My husband had disappeared from our village apartment. He’d only gone to check the washing. Minutes turned into hours and I went in search of him.
I peeped into the courtyard out the back. The square was empty in the fierce afternoon heat. The tiny pekara, the bakery was deserted too, as was the café next to it. I wandered downstairs to the basement corridor where the washing machine was. Not there either. I descended the last steps to the seafront. In front of me, the Mali Ston Bay stretched out to the Pelješac Peninsula, where grey-green olive trees and pines covered the hillside. I scanned the seafront promenade and the shore: He was nowhere to be seen.
Back inside, I returned to the washing machine. Iva the landlord’s daughter appeared.
“Looking for your husband? He is here.”
I frowned, puzzled. The corridor was empty.
She pushed back a door I hadn’t noticed before. “Come in, come in,” a voice sang out from behind the door. It was Mile, our landlord.
I peered through the gloom and there was Tom in the corner of a storeroom grinning sheepishly, a glass of rakija in his hand.
I took in the arched brick wall lined with dusty bottles and a long bench covered in food amongst an array of strange, unidentifiable Croatian objects.
“Welcome to my place,” Mile said. “My wife, she own the kitchen. Here … all this belong to me. We men must have our place.”
I laughed. “In Britain, men have their garden sheds to escape to.”
“And here,” Mile said, “we men have our basement.”
“Come, come, have a glass of rakija.” He poured a generous glass of his homemade spirit from a large demijohn.
“You must eat some Pršut.” Only then did I notice the pork leg, trotter protruding in the air, jammed in a polished, wooden drying rack.
“I prepare this two years,” Mile told me.
Pršut, (jambon to the Spanish) is cured with Adriatic saltwater; then squeezed on a rack until all the brine is removed. The ham is smoked and left outside to dry in the fierce Bora winds over winter. It is then hung up in dark attics, outbuildings or basements all over Dalmatia to mature.

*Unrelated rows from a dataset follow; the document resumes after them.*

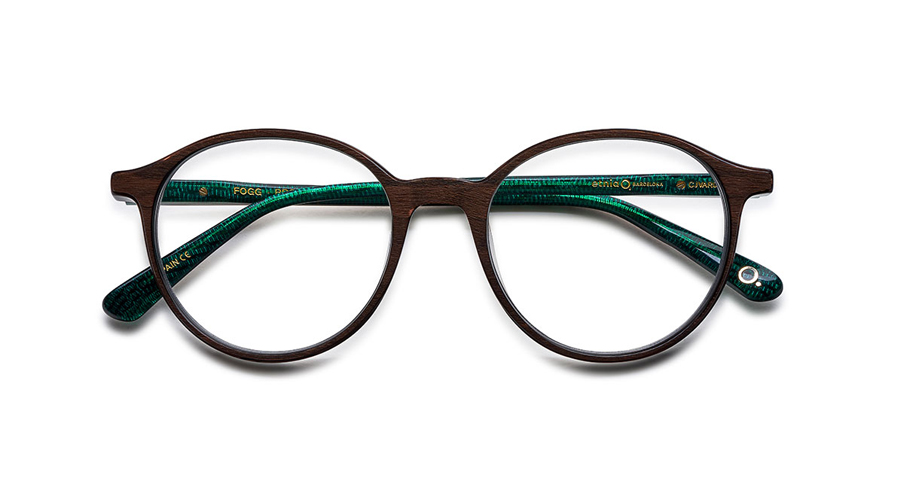 Etnia Barcelona Brille Fogg BRGR Größe 51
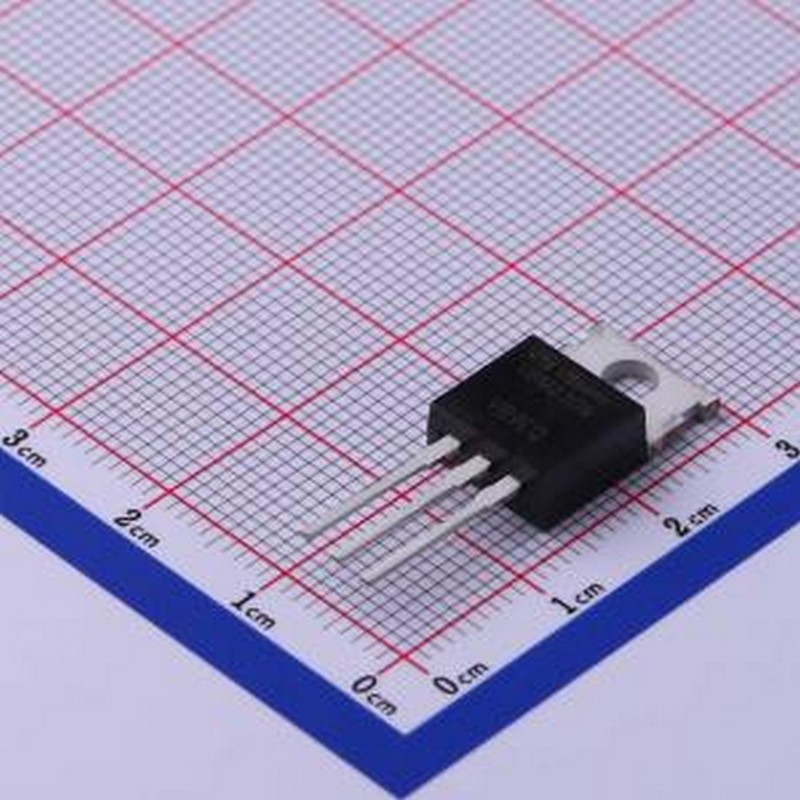 VBM2309 场效应管(MOSFET) 1个P沟道 耐压:30V 电流:60.5A ITO-22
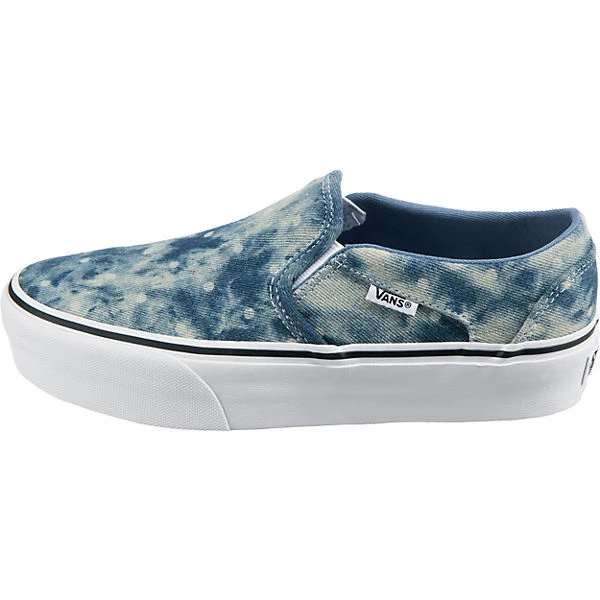 Vans Asher Platform Slip-On-Sneaker – Bild 3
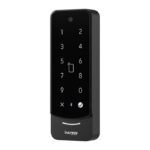 Dispositivo di controllo accessi con IP-Cam 2 MP, RFID, Bluetooth, PIN e QR Code. Fino a 20000 utenti e 60000 card
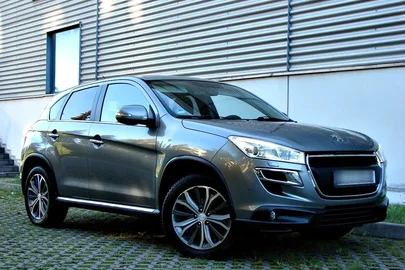 2013' Peugeot 4008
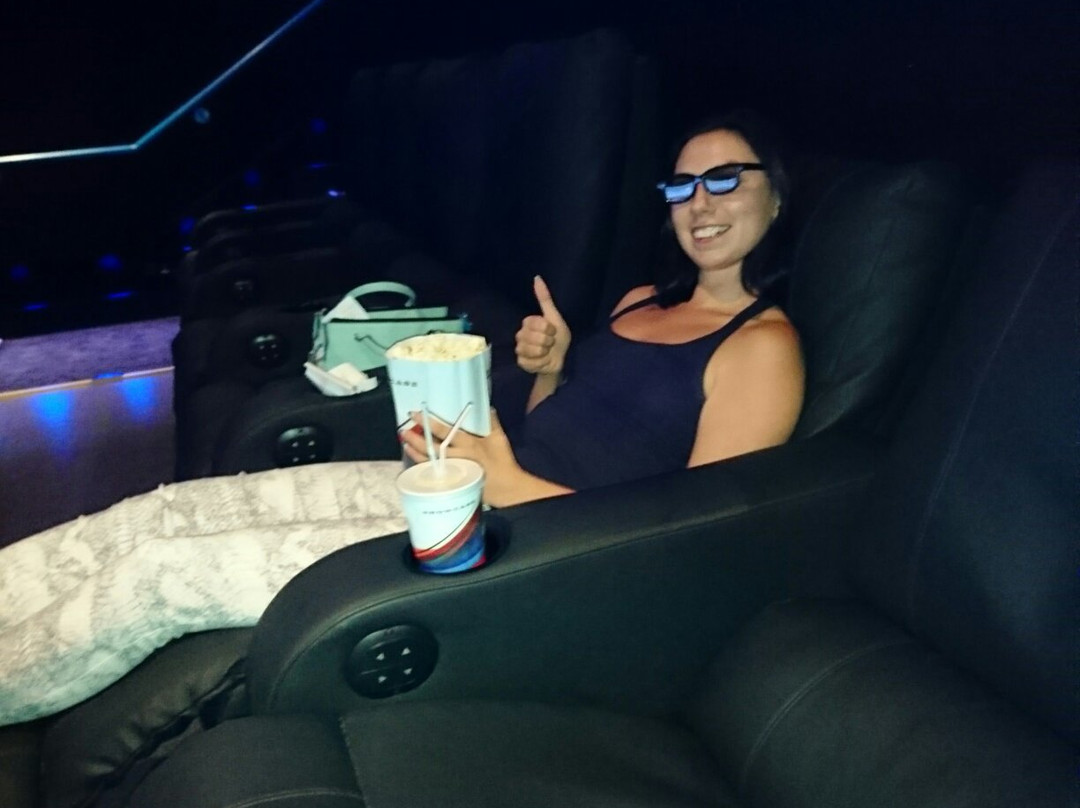 Showcase Cinema Leeds景点图片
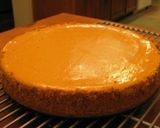 パンプキンチーズケーキ作り方13写真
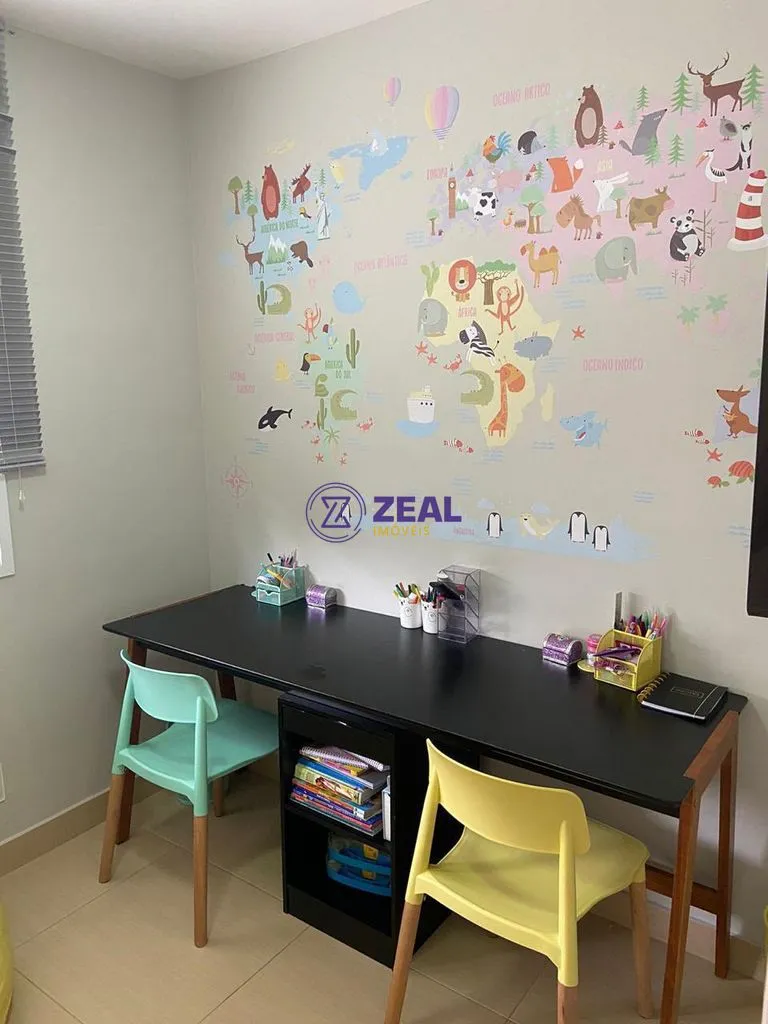 3-bedroom apartment in a building with a gym — photo 5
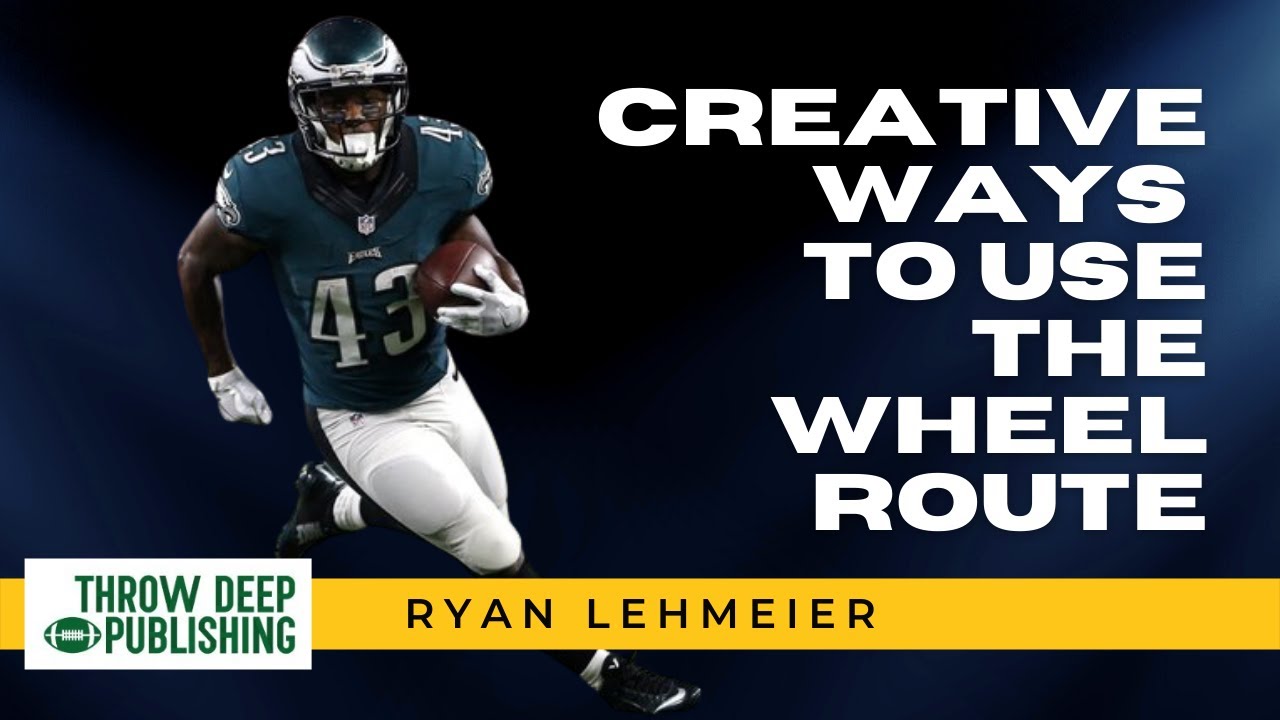 Using the Wheel Route in the Spread Offense Pass Game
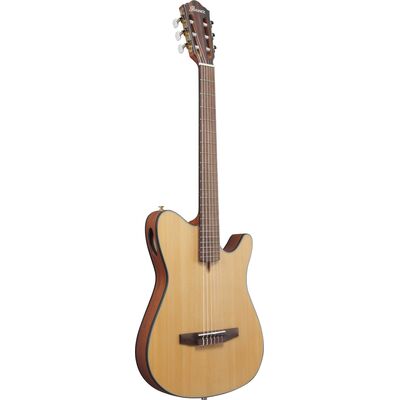 Ibanez FRH10N-NTF Natural Flat elektro-klasszikus gitár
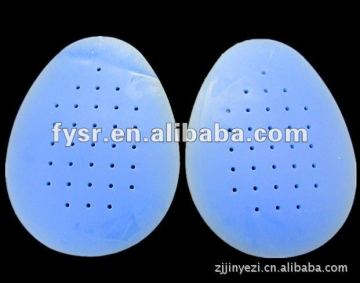 silica gel insole silica gel shoe pad silicon high heel insole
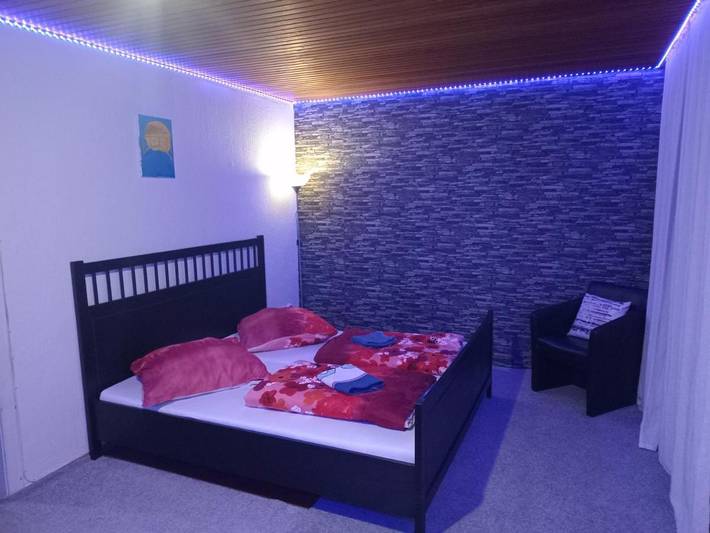 Ferienwohnung für 6 Personen, mit Terrasse und Garten in Buchholz in der Nordheide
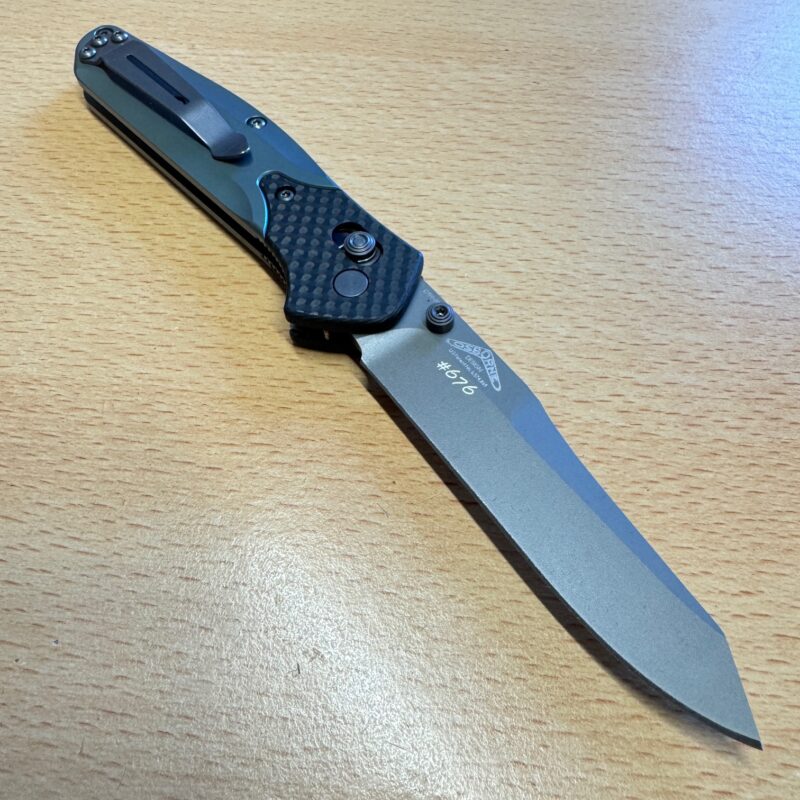 Benchmade Osborne Axis Limited Edition 940-121 - Image 8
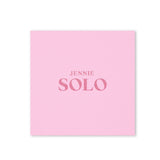 BLACKPINK Jennie "SOLO"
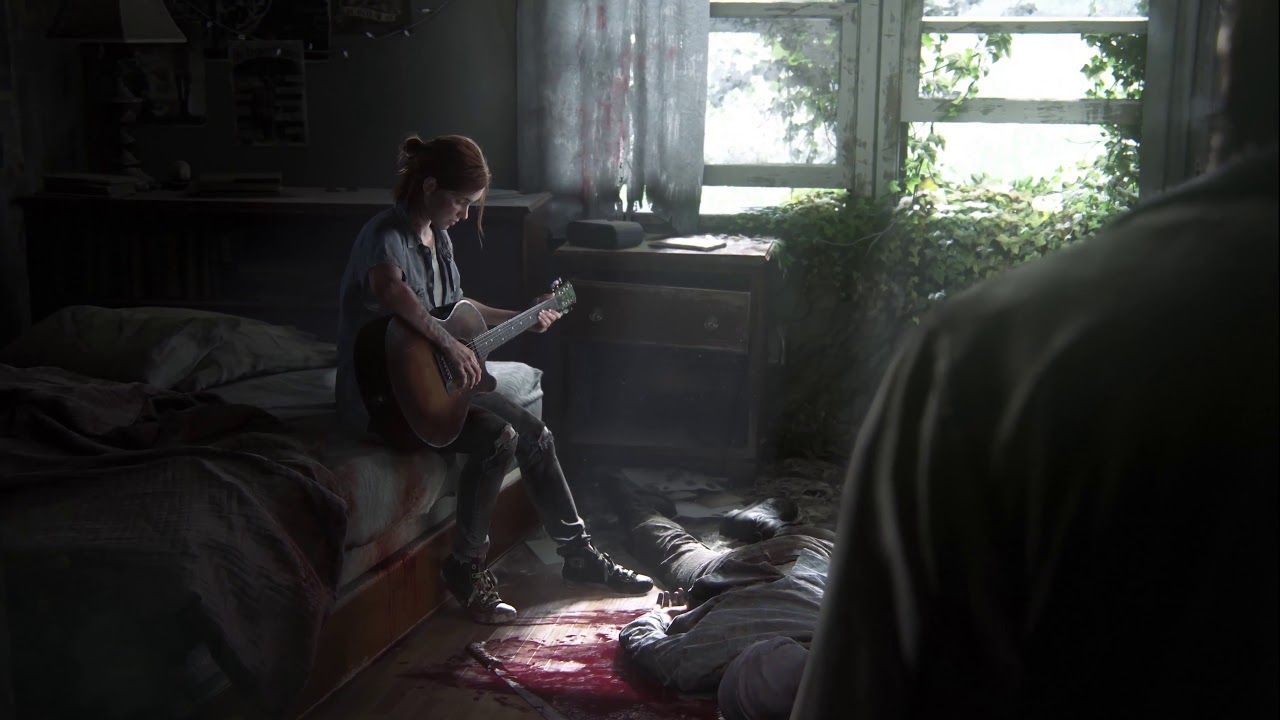 1280x720 4k The Last Of Us Part Live Wallpaper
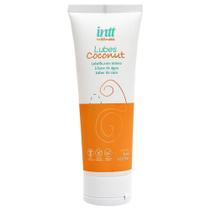 Lubes Coconut Lubrificante Íntimo 50Ml Intt Wellness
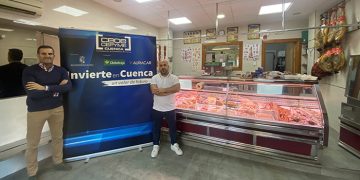 Invierte en Cuenca respalda la apuesta de Carnicería Rubén por el comercio cercano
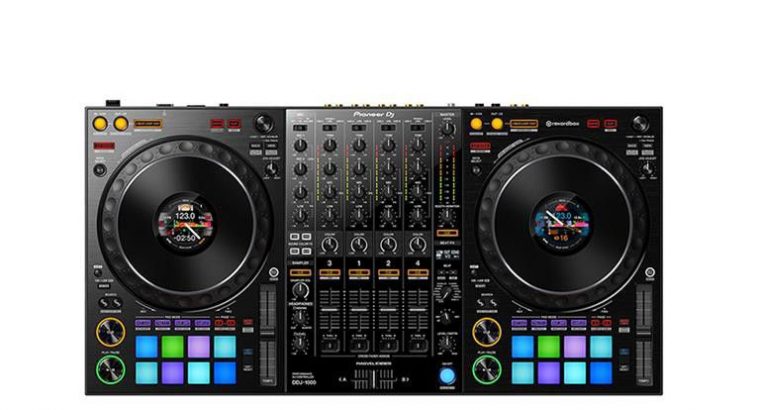 Pioneer DDJ-1000 Dj Controller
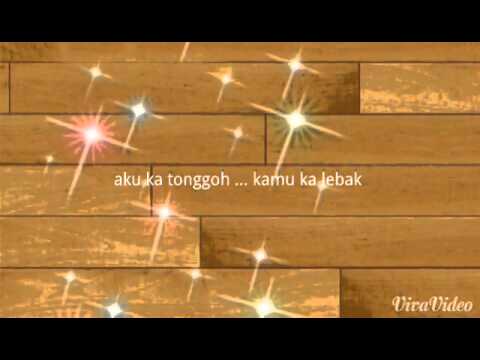 Comic sunda - puisi teruntuk mantan lyric video HD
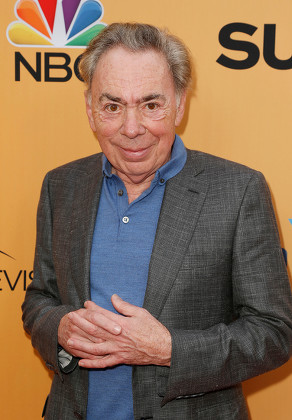 Sir Andrew Lloyd Webber Editorial Stock Photo - Stock Image | Shutterstock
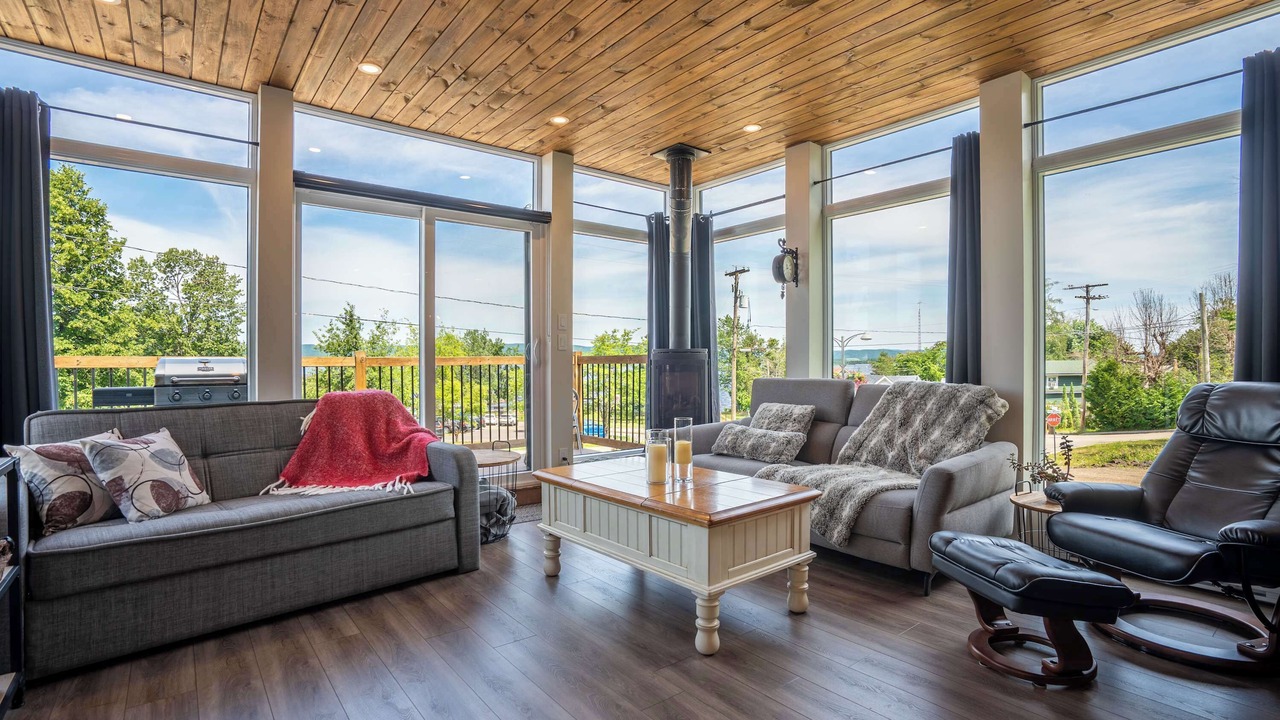 Photo of Livingroom in Saint-Gabriel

I took a bite and tasted the winds and seas of the Adriatic Sea, the fustiness of the basement, and the years of loving attention. Mile handed me some crusty bread and cut a slice of cheese.
“ Paski Sir, the best cheese in the world,” he said. “It is from the island of Pag. Eat some.”
The Pag Bora wind dries the millions of tiny seawater droplets that blow in off the sea and scatters the salt dust across the sage-covered island; a flavoursome diet for the island sheep.
I tasted the salty aromatic sheep’s cheese and knocked back another slug of belly-burning Rakiya. British men could keep their garden sheds, I wanted a Croatian basement.